Page 1 Scrape Successful


Yugioh Scrape Complete!


## Create Data Frame From Scrape Results

In [9]:
#Dataframe Imports
import pandas as pd
from datetime import datetime

### Pokemon Data Frame

In [10]:
#Create dataframe
pokemon_card_data = pd.DataFrame({'POSTED DATE': pokemon_post_timing,
                        'POST TITLE': pokemon_post_title_texts,
                        'POST LOCATION': pokemon_post_locations,
                        'PRICE': pokemon_post_prices,
                        'URL': pokemon_post_links,})

#Add a column called 'TCG' to the DF and for each row and add 'Pokemon'
pokemon_card_data['TCG'] = 'Pokemon'
pokemon_card_data['TCG'] = pokemon_card_data['TCG'].astype(str)

#Change post date to be in correct datetime format
pokemon_card_data['POSTED DATE']=pokemon_card_data['POSTED DATE'].astype('datetime64[ns]')
pokemon_card_data['POSTED DATE']=pokemon_card_data['POSTED DATE'].dt.strftime("%m/%d/%y %I:%M %p")

#Reorder Columns
pokemon_card_data = pokemon_card_data[['POSTED DATE','TCG','POST TITLE','POST LOCATION','PRICE','URL']]

### MTG Data Frame

In [11]:
#Create dataframe
MTG_card_data = pd.DataFrame({'POSTED DATE': MTG_post_timing,
                        'POST TITLE': MTG_post_title_texts,
                        'POST LOCATION': MTG_post_locations,
                        'PRICE': MTG_post_prices,
                        'URL': MTG_post_links,})

#Add a column called 'TCG' to the DF and for each row and add 'MTG'
MTG_card_data['TCG'] = 'MTG'
MTG_card_data['TCG'] = MTG_card_data['TCG'].astype(str)

#Change post date to be in correct datetime format
MTG_card_data['POSTED DATE']=MTG_card_data['POSTED DATE'].astype('datetime64[ns]')
MTG_card_data['POSTED DATE']=MTG_card_data['POSTED DATE'].dt.strftime("%m/%d/%y %I:%M %p")

#Reorder Columns
MTG_card_data = MTG_card_data[['POSTED DATE','TCG','POST TITLE','POST LOCATION','PRICE','URL']]

### Yu-Gi-Oh!

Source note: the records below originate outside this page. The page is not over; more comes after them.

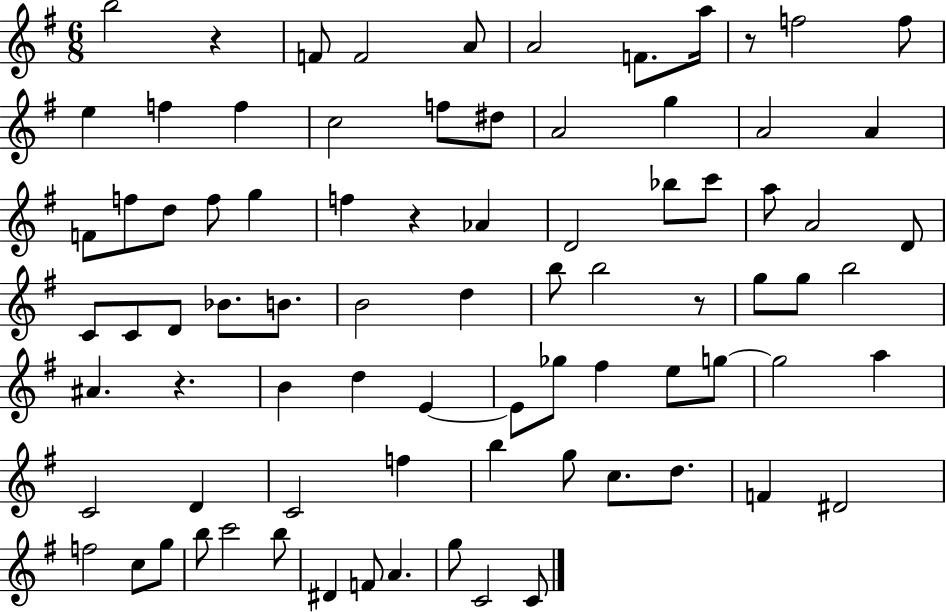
{
  \clef treble
  \numericTimeSignature
  \time 6/8
  \key g \major
  \repeat volta 2 { b''2 r4 | f'8 f'2 a'8 | a'2 f'8. a''16 | r8 f''2 f''8 | \break e''4 f''4 f''4 | c''2 f''8 dis''8 | a'2 g''4 | a'2 a'4 | \break f'8 f''8 d''8 f''8 g''4 | f''4 r4 aes'4 | d'2 bes''8 c'''8 | a''8 a'2 d'8 | \break c'8 c'8 d'8 bes'8. b'8. | b'2 d''4 | b''8 b''2 r8 | g''8 g''8 b''2 | \break ais'4. r4. | b'4 d''4 e'4~~ | e'8 ges''8 fis''4 e''8 g''8~~ | g''2 a''4 | \break c'2 d'4 | c'2 f''4 | b''4 g''8 c''8. d''8. | f'4 dis'2 | \break f''2 c''8 g''8 | b''8 c'''2 b''8 | dis'4 f'8 a'4. | g''8 c'2 c'8 | \break } \bar "|."
}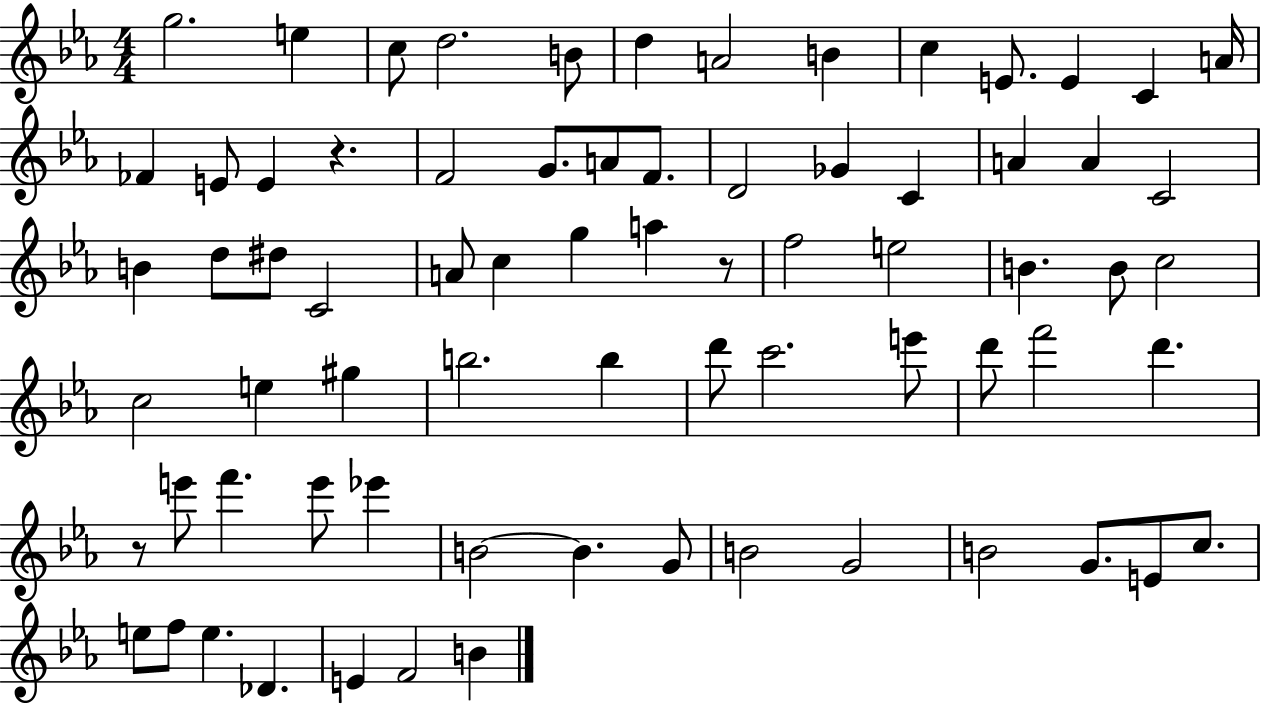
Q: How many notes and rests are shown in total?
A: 73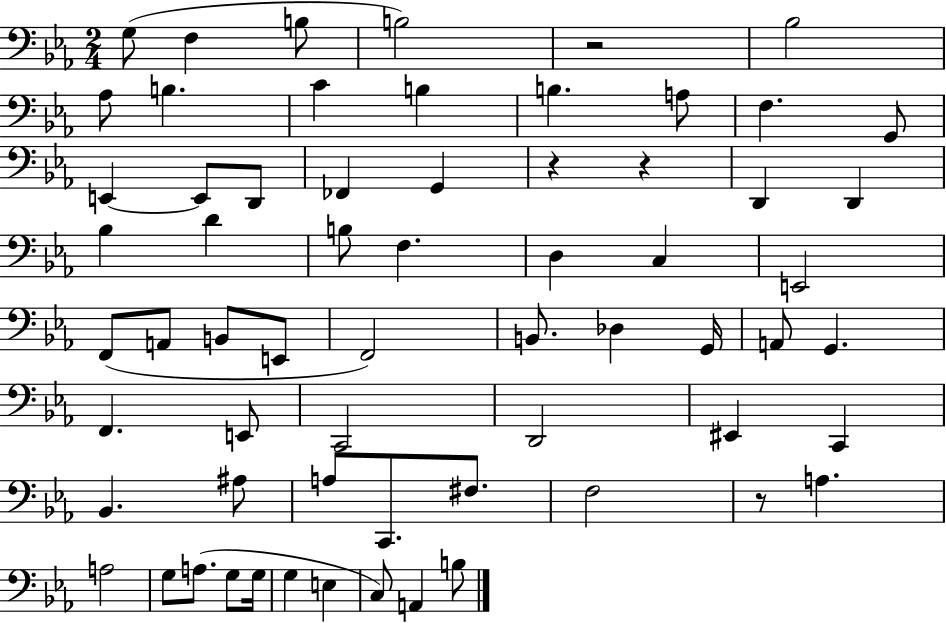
X:1
T:Untitled
M:2/4
L:1/4
K:Eb
G,/2 F, B,/2 B,2 z2 _B,2 _A,/2 B, C B, B, A,/2 F, G,,/2 E,, E,,/2 D,,/2 _F,, G,, z z D,, D,, _B, D B,/2 F, D, C, E,,2 F,,/2 A,,/2 B,,/2 E,,/2 F,,2 B,,/2 _D, G,,/4 A,,/2 G,, F,, E,,/2 C,,2 D,,2 ^E,, C,, _B,, ^A,/2 A,/2 C,,/2 ^F,/2 F,2 z/2 A, A,2 G,/2 A,/2 G,/2 G,/4 G, E, C,/2 A,, B,/2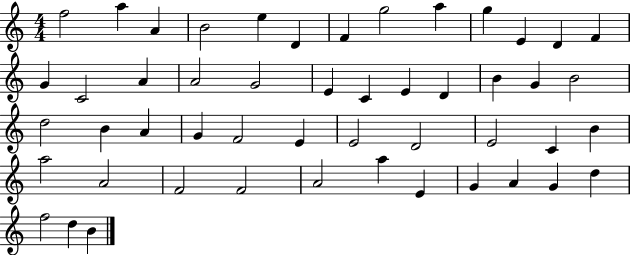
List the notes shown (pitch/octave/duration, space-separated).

F5/h A5/q A4/q B4/h E5/q D4/q F4/q G5/h A5/q G5/q E4/q D4/q F4/q G4/q C4/h A4/q A4/h G4/h E4/q C4/q E4/q D4/q B4/q G4/q B4/h D5/h B4/q A4/q G4/q F4/h E4/q E4/h D4/h E4/h C4/q B4/q A5/h A4/h F4/h F4/h A4/h A5/q E4/q G4/q A4/q G4/q D5/q F5/h D5/q B4/q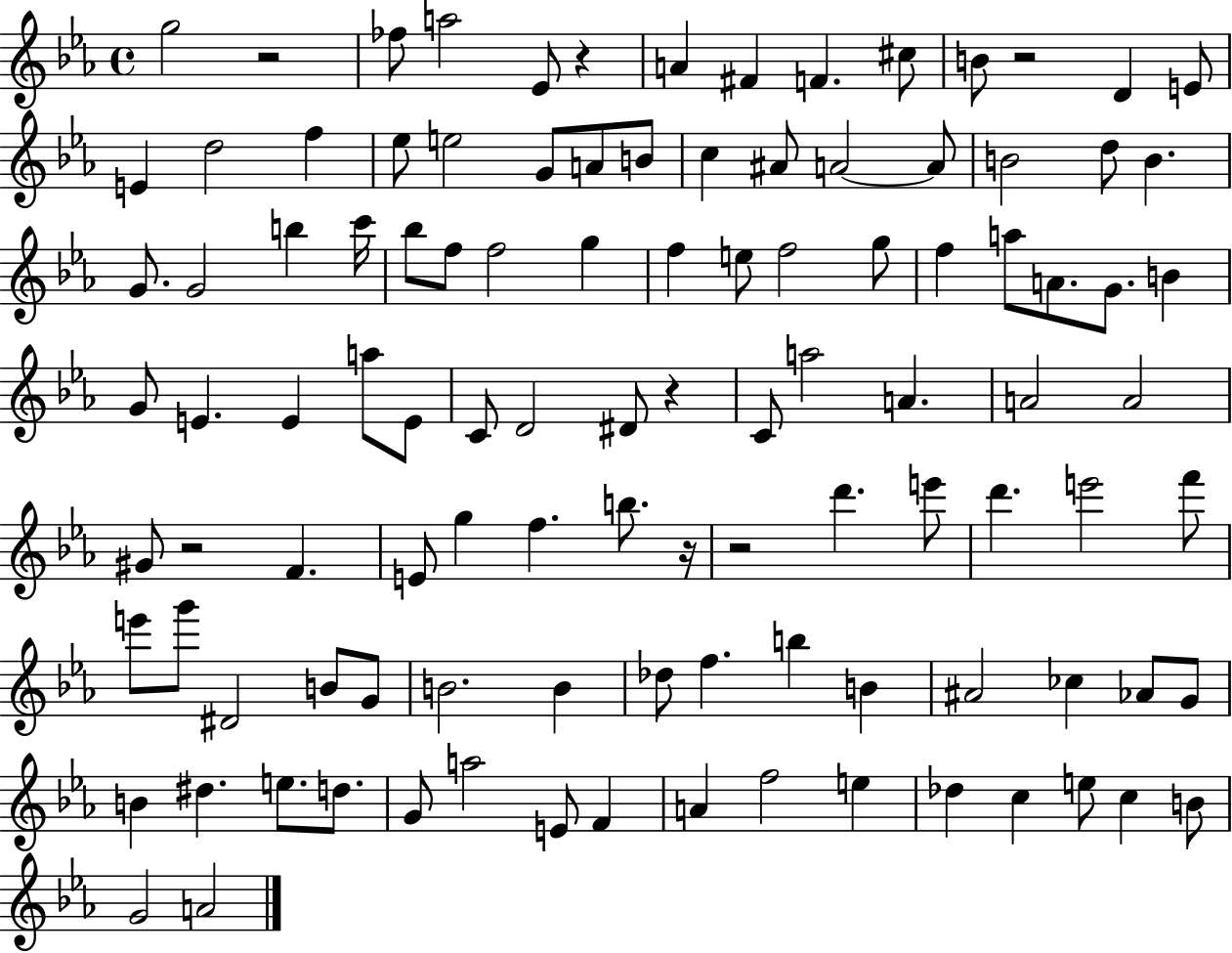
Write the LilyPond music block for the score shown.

{
  \clef treble
  \time 4/4
  \defaultTimeSignature
  \key ees \major
  g''2 r2 | fes''8 a''2 ees'8 r4 | a'4 fis'4 f'4. cis''8 | b'8 r2 d'4 e'8 | \break e'4 d''2 f''4 | ees''8 e''2 g'8 a'8 b'8 | c''4 ais'8 a'2~~ a'8 | b'2 d''8 b'4. | \break g'8. g'2 b''4 c'''16 | bes''8 f''8 f''2 g''4 | f''4 e''8 f''2 g''8 | f''4 a''8 a'8. g'8. b'4 | \break g'8 e'4. e'4 a''8 e'8 | c'8 d'2 dis'8 r4 | c'8 a''2 a'4. | a'2 a'2 | \break gis'8 r2 f'4. | e'8 g''4 f''4. b''8. r16 | r2 d'''4. e'''8 | d'''4. e'''2 f'''8 | \break e'''8 g'''8 dis'2 b'8 g'8 | b'2. b'4 | des''8 f''4. b''4 b'4 | ais'2 ces''4 aes'8 g'8 | \break b'4 dis''4. e''8. d''8. | g'8 a''2 e'8 f'4 | a'4 f''2 e''4 | des''4 c''4 e''8 c''4 b'8 | \break g'2 a'2 | \bar "|."
}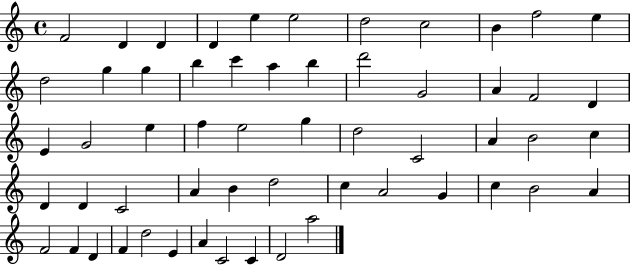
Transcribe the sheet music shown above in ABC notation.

X:1
T:Untitled
M:4/4
L:1/4
K:C
F2 D D D e e2 d2 c2 B f2 e d2 g g b c' a b d'2 G2 A F2 D E G2 e f e2 g d2 C2 A B2 c D D C2 A B d2 c A2 G c B2 A F2 F D F d2 E A C2 C D2 a2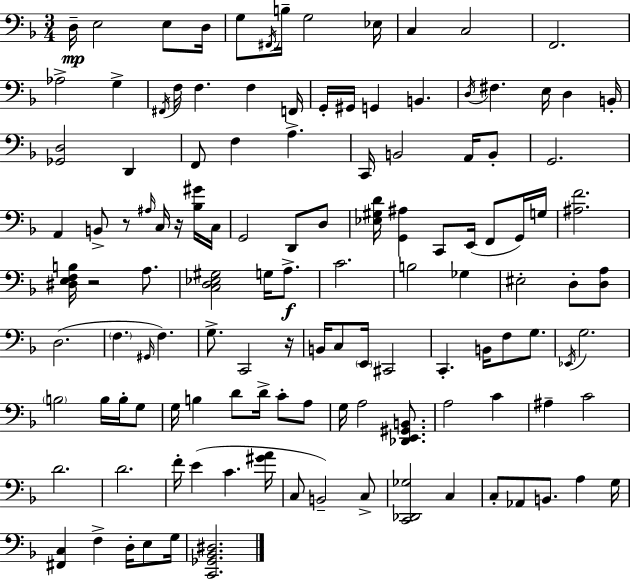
X:1
T:Untitled
M:3/4
L:1/4
K:F
D,/4 E,2 E,/2 D,/4 G,/2 ^F,,/4 B,/4 G,2 _E,/4 C, C,2 F,,2 _A,2 G, ^F,,/4 F,/4 F, F, F,,/4 G,,/4 ^G,,/4 G,, B,, D,/4 ^F, E,/4 D, B,,/4 [_G,,D,]2 D,, F,,/2 F, A, C,,/4 B,,2 A,,/4 B,,/2 G,,2 A,, B,,/2 z/2 ^A,/4 C,/4 z/4 [_B,^G]/4 C,/4 G,,2 D,,/2 D,/2 [_E,^G,D]/4 [G,,^A,] C,,/2 E,,/4 F,,/2 G,,/4 G,/4 [^A,F]2 [^D,E,F,B,]/4 z2 A,/2 [C,D,_E,^G,]2 G,/4 A,/2 C2 B,2 _G, ^E,2 D,/2 [D,A,]/2 D,2 F, ^G,,/4 F, G,/2 C,,2 z/4 B,,/4 C,/2 E,,/4 ^C,,2 C,, B,,/4 F,/2 G,/2 _E,,/4 G,2 B,2 B,/4 B,/4 G,/2 G,/4 B, D/2 D/4 C/2 A,/2 G,/4 A,2 [_D,,E,,^G,,B,,]/2 A,2 C ^A, C2 D2 D2 F/4 E C [^GA]/4 C,/2 B,,2 C,/2 [C,,_D,,_G,]2 C, C,/2 _A,,/2 B,,/2 A, G,/4 [^F,,C,] F, D,/4 E,/2 G,/4 [C,,_G,,_B,,^D,]2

Data Frame

In [12]:
#Create dataframe
Yugioh_card_data = pd.DataFrame({'POSTED DATE': Yugioh_post_timing,
                        'POST TITLE': Yugioh_post_title_texts,
                        'POST LOCATION': Yugioh_post_locations,
                        'PRICE': Yugioh_post_prices,
                        'URL': Yugioh_post_links,})

#Add a column called 'TCG' to the DF and for each row and add 'Yugioh'
Yugioh_card_data['TCG'] = 'Yugioh'
Yugioh_card_data['TCG'] = Yugioh_card_data['TCG'].astype(str)

#Change post date to be in correct datetime format
Yugioh_card_data['POSTED DATE']=Yugioh_card_data['POSTED DATE'].astype('datetime64[ns]')
Yugioh_card_data['POSTED DATE']=Yugioh_card_data['POSTED DATE'].dt.strftime("%m/%d/%y %I:%M %p")

#Reorder Columns
Yugioh_card_data = Yugioh_card_data[['POSTED DATE','TCG','POST TITLE','POST LOCATION','PRICE','URL']]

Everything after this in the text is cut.